PROMPT: Write out, please, each line from the one containing "452 Deer Valley" to the final line of the data, both included, exactly and without pictures.

------ ENTRIES SUPPLIED ------

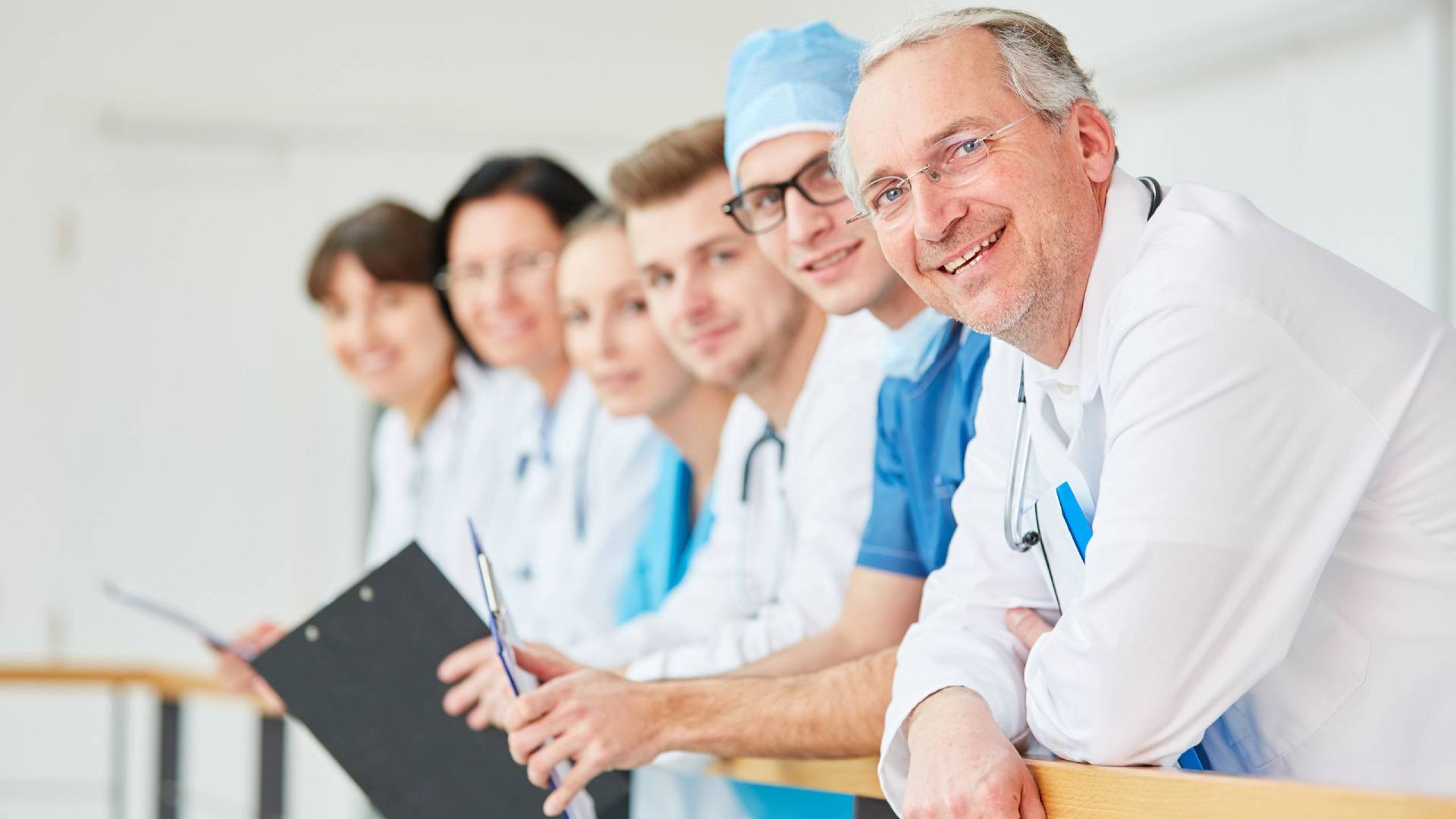 Mehrere Ärztinnen und Ärzte stehen über ein Geländer gelehnt
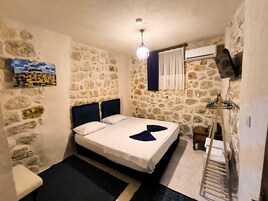 Una habitación pequeña con paredes de piedra, una cama, un cuadro, una lámpara colgante y un tendedero.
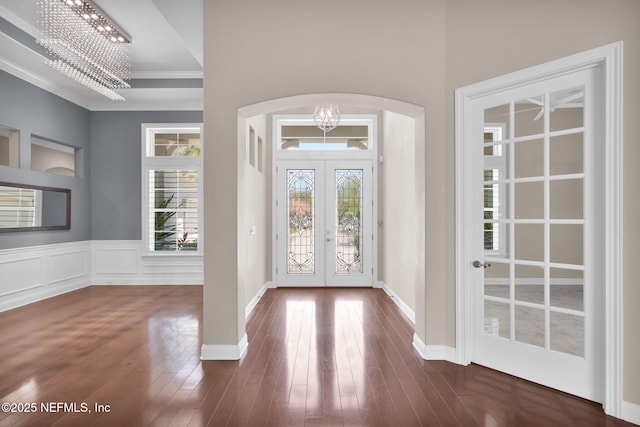 452 Deer Valley Dr, Ponte Vedra, FL 32081 - foyer featuring french doors, arched walkways, a chandelier, crown molding, and dark wood-type flooring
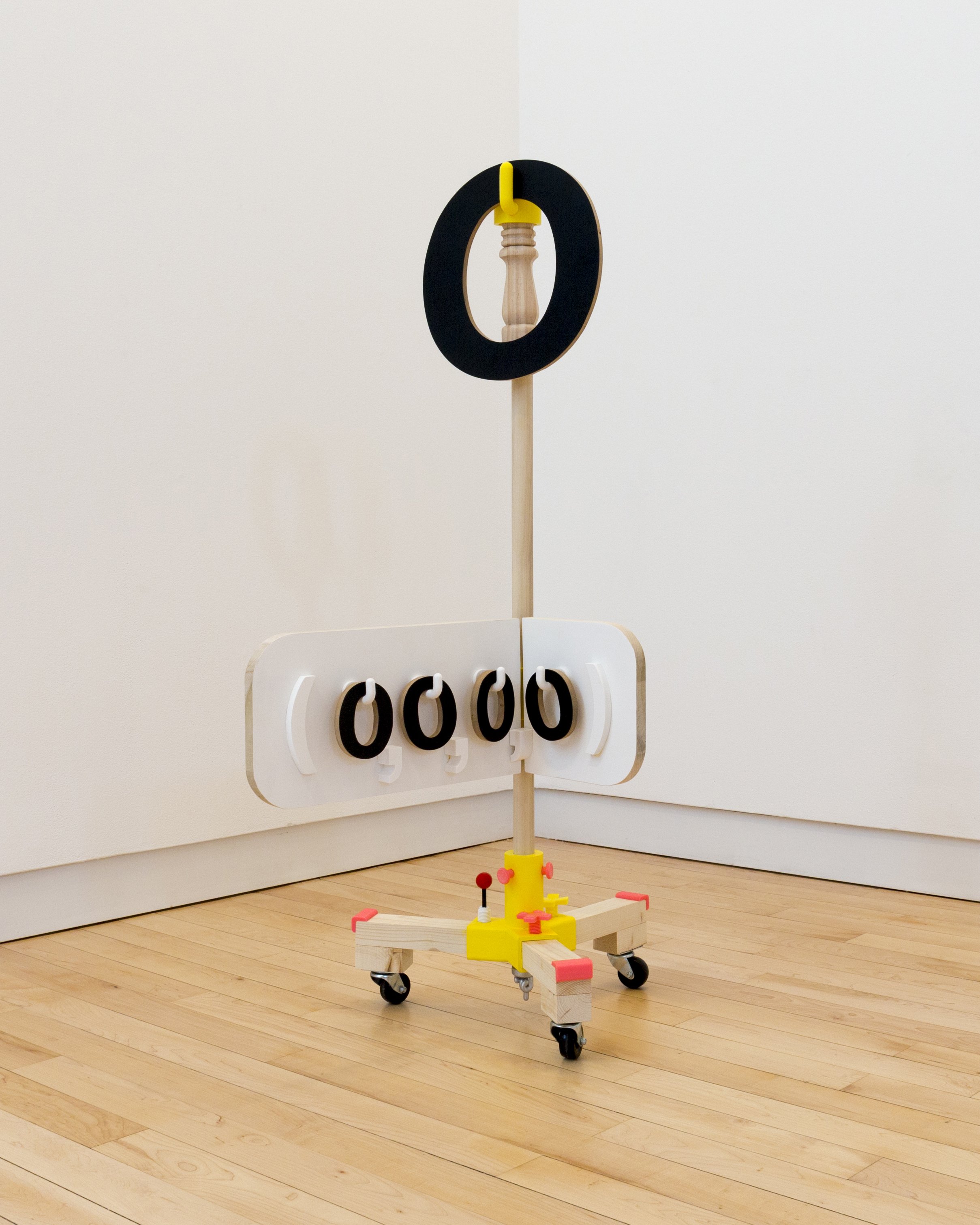 Vertical wheeled sculpture with a black circular ring surrounding a wooden spindle above a white panel displaying four black zero-like shapes.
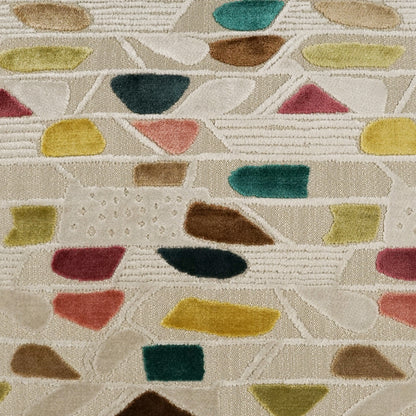 Beige woven pillow with multicolor abstract shapes in yellow, teal, green, pink and brown; modern geometric pattern.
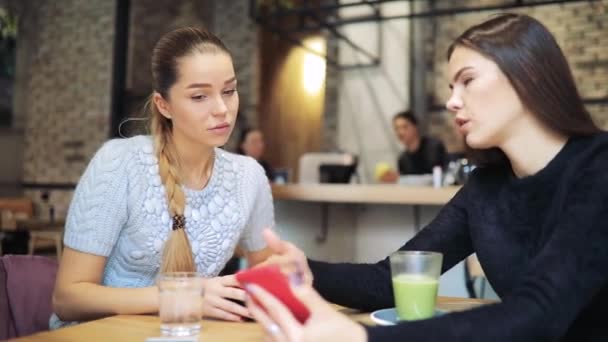 Vrouwen vrienden foto's in smartphone kijken naar café — Stockvideo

------

ANSWER TO THIS TASK:
 452 Deer Valley Dr, Ponte Vedra, FL 32081 - foyer featuring french doors, arched walkways, a chandelier, crown molding, and dark wood-type flooring
 Vertical wheeled sculpture with a black circular ring surrounding a wooden spindle above a white panel displaying four black zero-like shapes.
 Beige woven pillow with multicolor abstract shapes in yellow, teal, green, pink and brown; modern geometric pattern.
 Vrouwen vrienden foto's in smartphone kijken naar café — Stockvideo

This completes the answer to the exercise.